Balarrasa

Siento apego por el folclore de estos días. Por una parte de él, al menos. Soy ajeno a misas, procesiones y otros ritos religiosos, pero crecí cuando la televisión poseía los atributos divinos: unicidad y omnipresencia. Es decir, cuando sólo existía TVE y cuando no había Semana Santa sin películas de romanos, sin Molokai y sin Balarrasa. Puedo prescindir de Molokai, de los leprosos y del padre Damián, y del surtido de péplums. De Balarrasa, no. A estas alturas, los hábitos ya son vicios.

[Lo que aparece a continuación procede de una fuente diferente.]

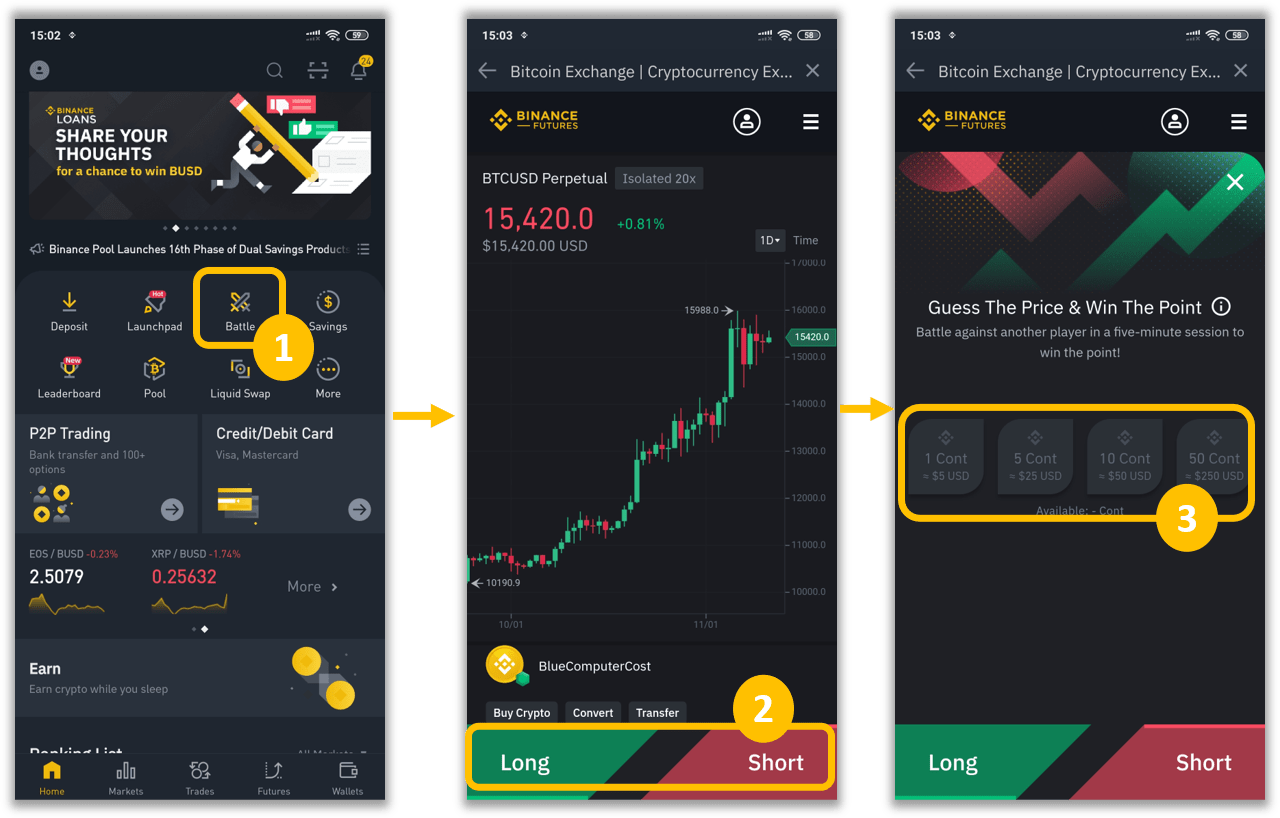 chọ battle trên ứng dụng binance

Cumplí el sábado con el rito anual de Balarrasa, gracias al canal digital dedicado al cine español. De entre los días cristianos de pasión, muerte y resurrección, el sábado me parece el de mayor potencia narrativa: es el gran vacío telúrico, el tránsito, la jornada sin misas y sin Dios. Y entre el folclore televisivo de la temporada, no hay nada que pueda competir con Balarrasa.
Es una extraña película, una mezcla imposible. Como un Marcelino, Pan y Vino (otro clásico de la semana) interpretado por Humphrey Bogart. Una historia ñoña teñida de negro, con momentos de gran cine policiaco. Y un Fernando Fernán-Gómez colosal, legionario y meapilas, angelito doméstico y detective con 60 hervores.
En 1951, cuando se rodó Balarrasa, Fernán-Gómez era todavía un actor, un tipo que hacía un papel. Luego se convirtió en Fernán-Gómez, un hombre con una película alrededor. Le ocurría lo que a Bogart o a John Wayne: eran siempre ellos. Inevitablemente, se veía a un hombre con un tamaño excesivo para el personaje. Podía hacerte reír o llorar, pero sabías que era Fernán-Gómez.
Me gusta la gente que desborda, que rompe las costuras de un personaje o de la vida. A esa rara estirpe perteneció también Pepe Comas, gran corresponsal de este diario, muerto el viernes.
No es verdad que se vayan los mejores. Ocurre que de ellos nos acordamos más.